Saved data entries:
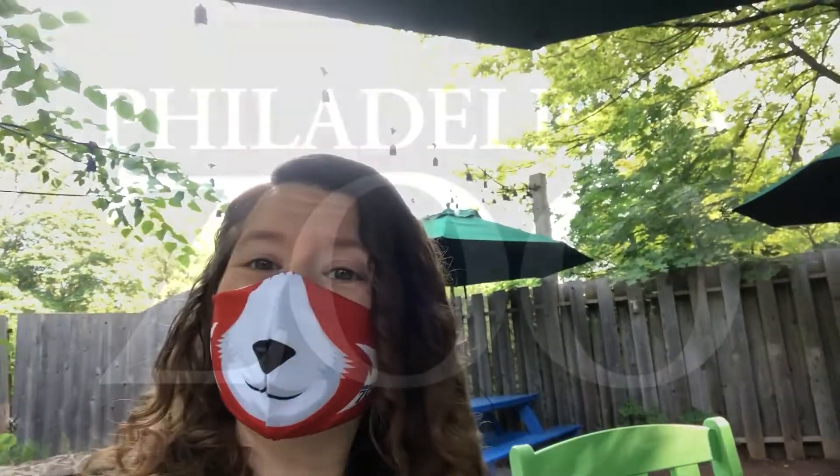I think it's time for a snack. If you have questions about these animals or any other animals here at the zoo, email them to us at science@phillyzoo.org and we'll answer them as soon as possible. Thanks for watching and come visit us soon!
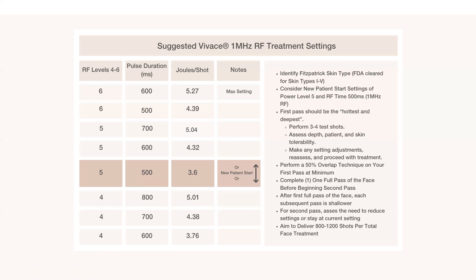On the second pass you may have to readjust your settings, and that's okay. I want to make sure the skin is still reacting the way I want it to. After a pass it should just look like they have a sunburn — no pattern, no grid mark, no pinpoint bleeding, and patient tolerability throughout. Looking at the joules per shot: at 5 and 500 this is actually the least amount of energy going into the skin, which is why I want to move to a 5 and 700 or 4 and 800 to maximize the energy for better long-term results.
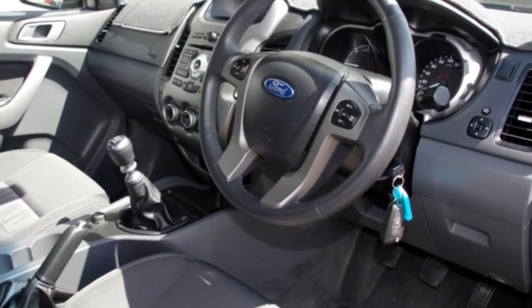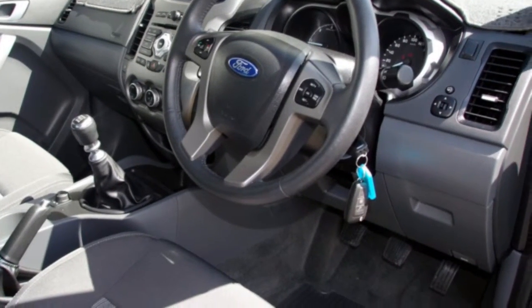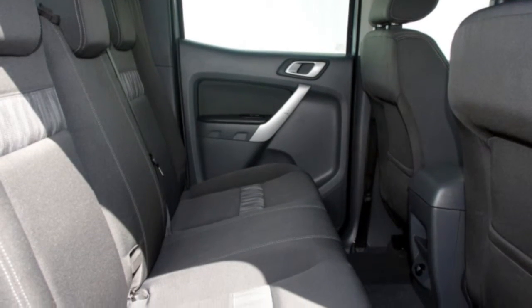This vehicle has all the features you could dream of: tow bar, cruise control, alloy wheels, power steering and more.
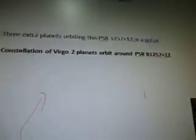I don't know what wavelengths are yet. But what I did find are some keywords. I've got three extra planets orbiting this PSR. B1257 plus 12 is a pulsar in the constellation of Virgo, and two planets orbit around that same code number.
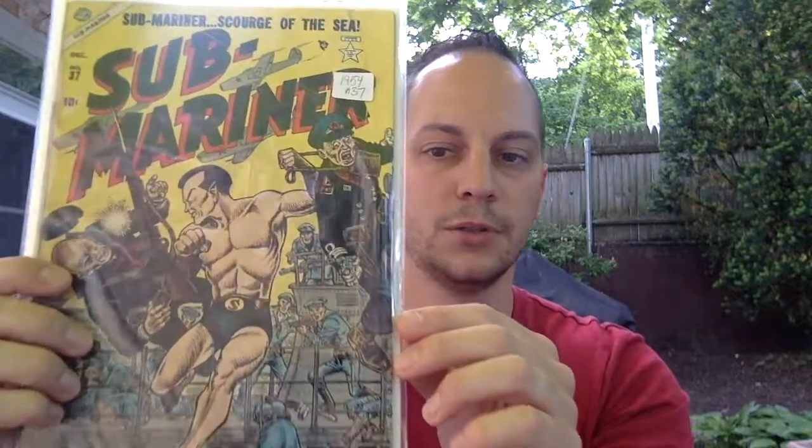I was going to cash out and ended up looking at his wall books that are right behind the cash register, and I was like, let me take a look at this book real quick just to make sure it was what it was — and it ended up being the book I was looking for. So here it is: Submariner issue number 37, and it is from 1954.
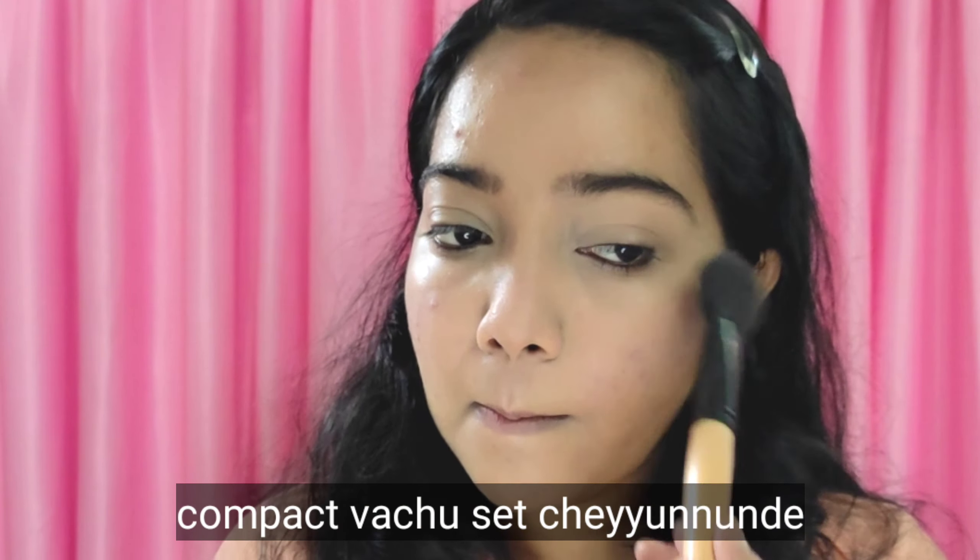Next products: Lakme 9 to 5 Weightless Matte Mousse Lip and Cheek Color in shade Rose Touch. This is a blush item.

### Task details
The required output is each line above restated verbatim, with all images omitted.

### Exercise answer
I think it's time for a snack. If you have questions about these animals or any other animals here at the zoo, email them to us at science@phillyzoo.org and we'll answer them as soon as possible. Thanks for watching and come visit us soon!
On the second pass you may have to readjust your settings, and that's okay. I want to make sure the skin is still reacting the way I want it to. After a pass it should just look like they have a sunburn — no pattern, no grid mark, no pinpoint bleeding, and patient tolerability throughout. Looking at the joules per shot: at 5 and 500 this is actually the least amount of energy going into the skin, which is why I want to move to a 5 and 700 or 4 and 800 to maximize the energy for better long-term results.
This vehicle has all the features you could dream of: tow bar, cruise control, alloy wheels, power steering and more.
I don't know what wavelengths are yet. But what I did find are some keywords. I've got three extra planets orbiting this PSR. B1257 plus 12 is a pulsar in the constellation of Virgo, and two planets orbit around that same code number.
I was going to cash out and ended up looking at his wall books that are right behind the cash register, and I was like, let me take a look at this book real quick just to make sure it was what it was — and it ended up being the book I was looking for. So here it is: Submariner issue number 37, and it is from 1954.
Next products: Lakme 9 to 5 Weightless Matte Mousse Lip and Cheek Color in shade Rose Touch. This is a blush item.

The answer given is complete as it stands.